● **Data for this task**:
________________
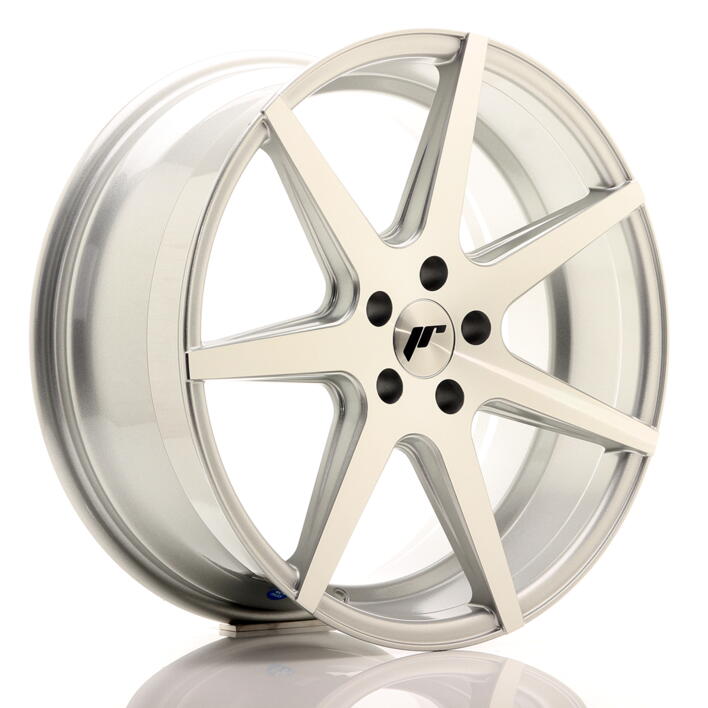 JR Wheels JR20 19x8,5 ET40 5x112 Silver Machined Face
________________
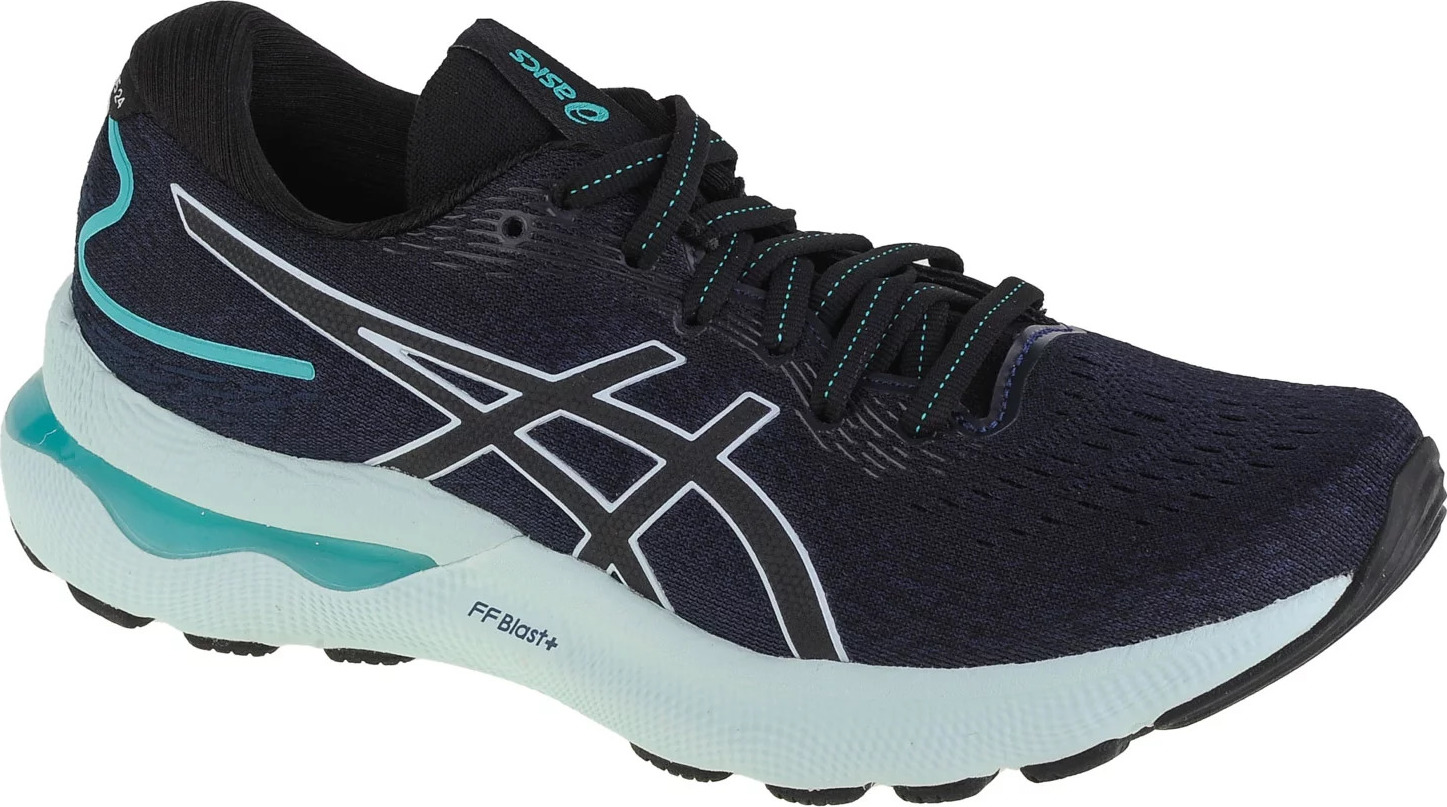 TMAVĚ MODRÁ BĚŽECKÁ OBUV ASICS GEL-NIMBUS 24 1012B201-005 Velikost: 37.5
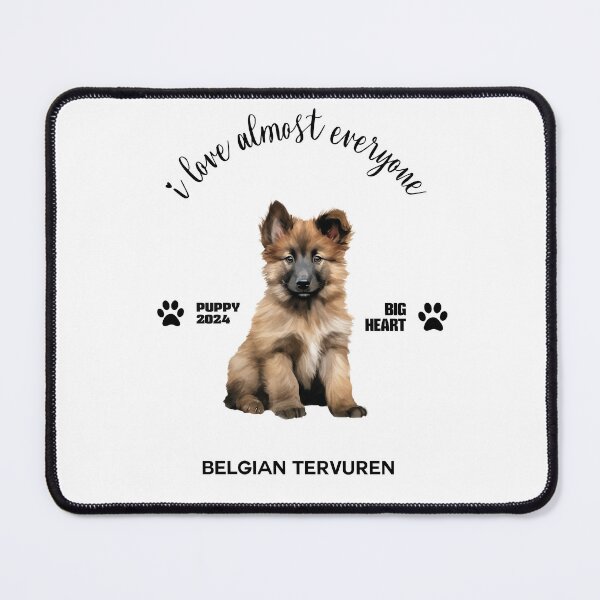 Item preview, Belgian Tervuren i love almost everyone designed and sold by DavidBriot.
________________
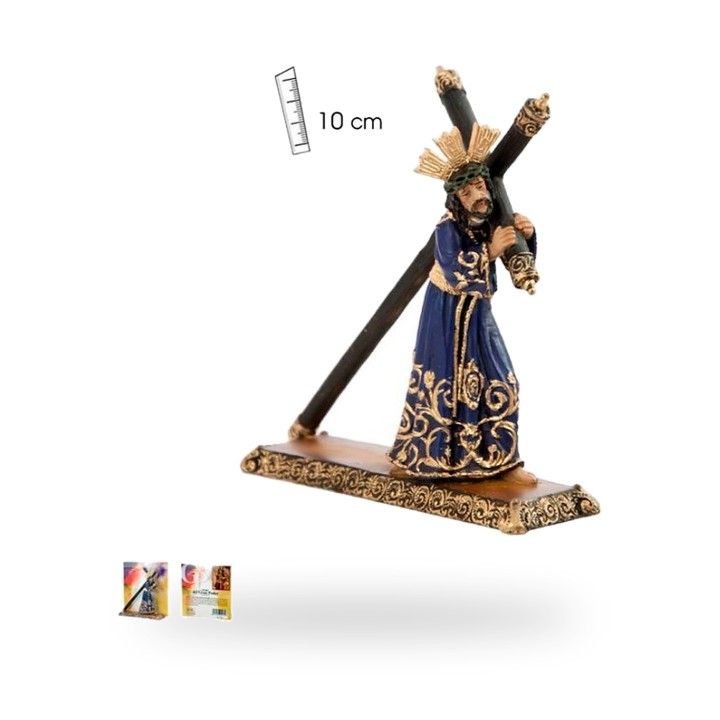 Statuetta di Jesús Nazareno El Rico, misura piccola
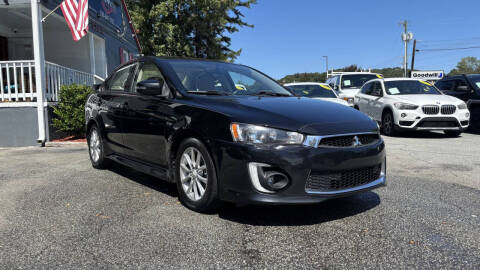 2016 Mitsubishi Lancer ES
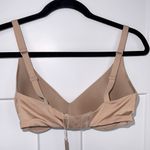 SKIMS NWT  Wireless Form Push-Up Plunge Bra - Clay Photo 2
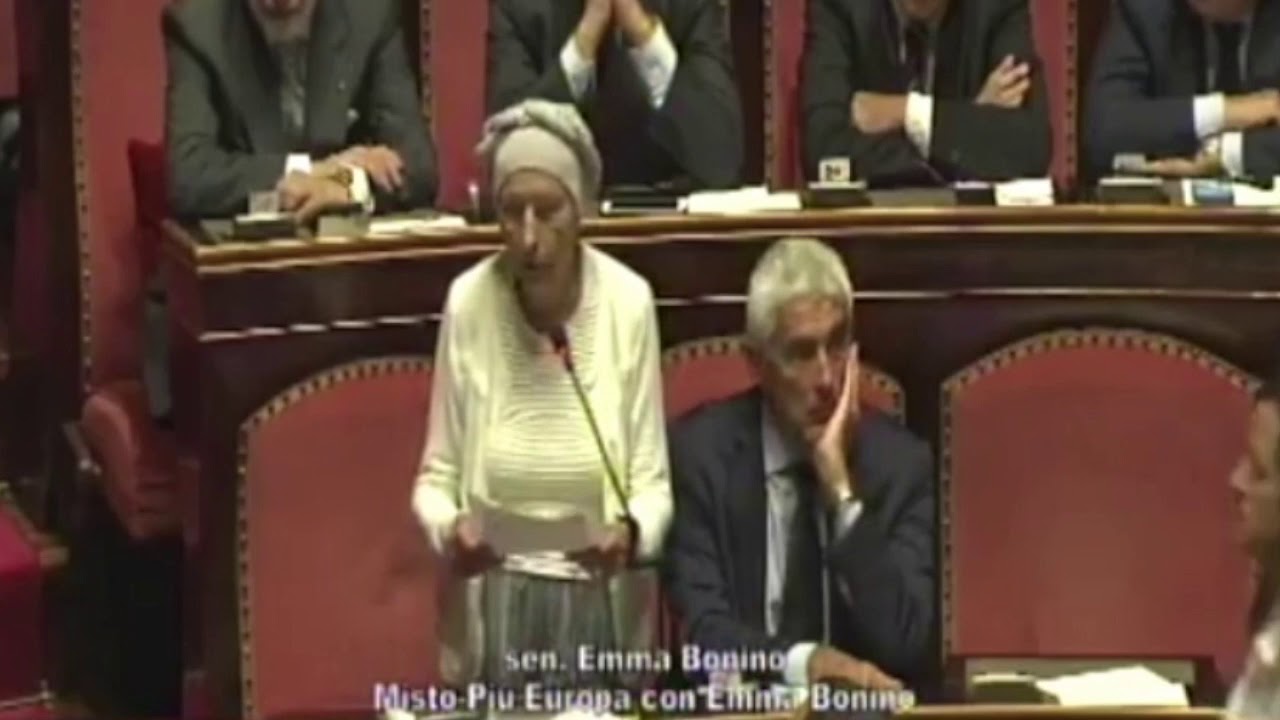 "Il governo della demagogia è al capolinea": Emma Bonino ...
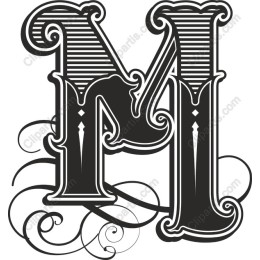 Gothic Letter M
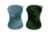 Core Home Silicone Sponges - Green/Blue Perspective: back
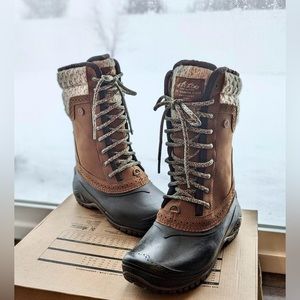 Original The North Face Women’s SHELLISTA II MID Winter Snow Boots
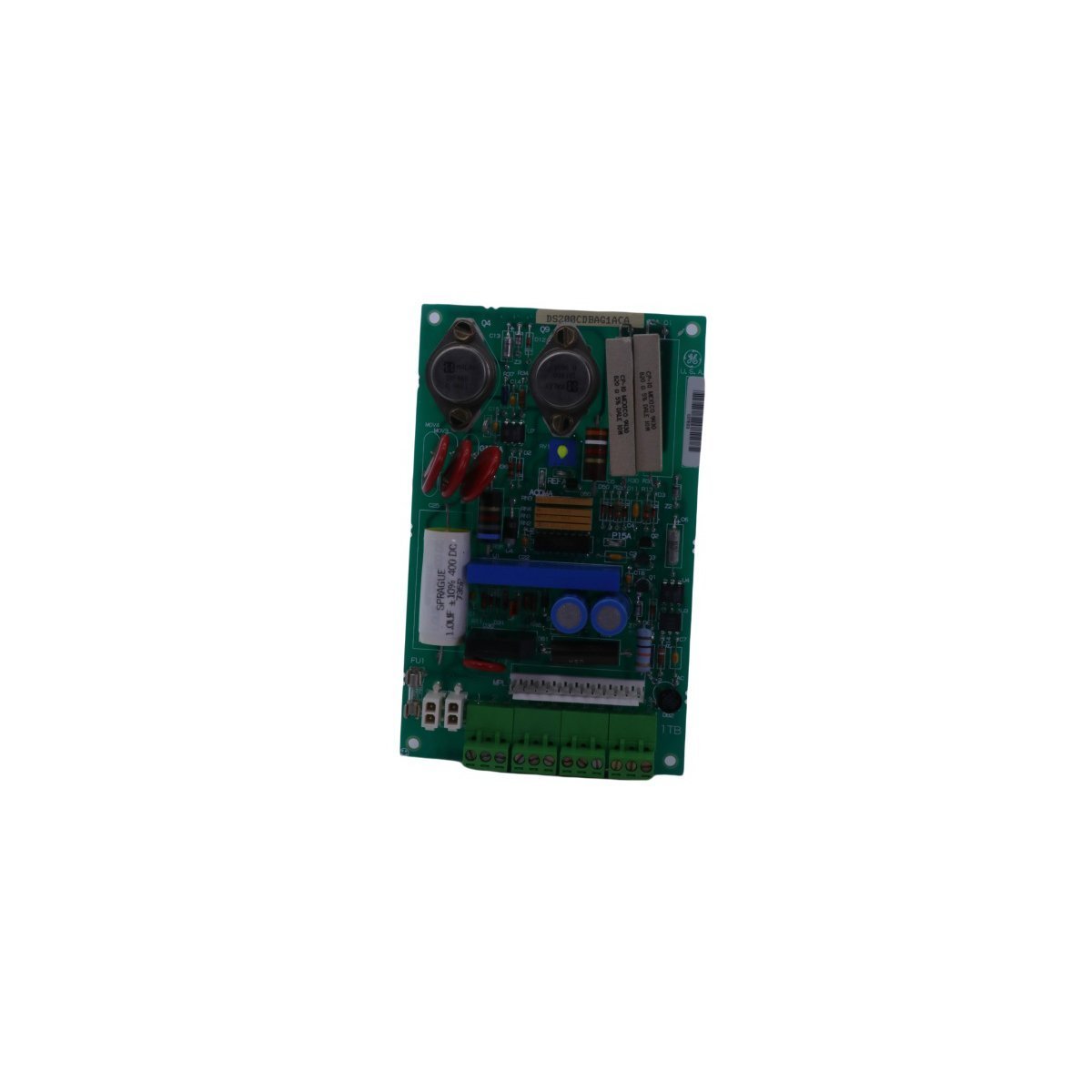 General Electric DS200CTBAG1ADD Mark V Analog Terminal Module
________________
Going by the data above, the answer is exactly the lines from the one holding "Emma Bonino ..." to the one holding "General Electric DS200CTBAG1ADD", both kept, with the pictures left out.

 "Il governo della demagogia è al capolinea": Emma Bonino ...
 Gothic Letter M
 Core Home Silicone Sponges - Green/Blue Perspective: back
 Original The North Face Women’s SHELLISTA II MID Winter Snow Boots
 General Electric DS200CTBAG1ADD Mark V Analog Terminal Module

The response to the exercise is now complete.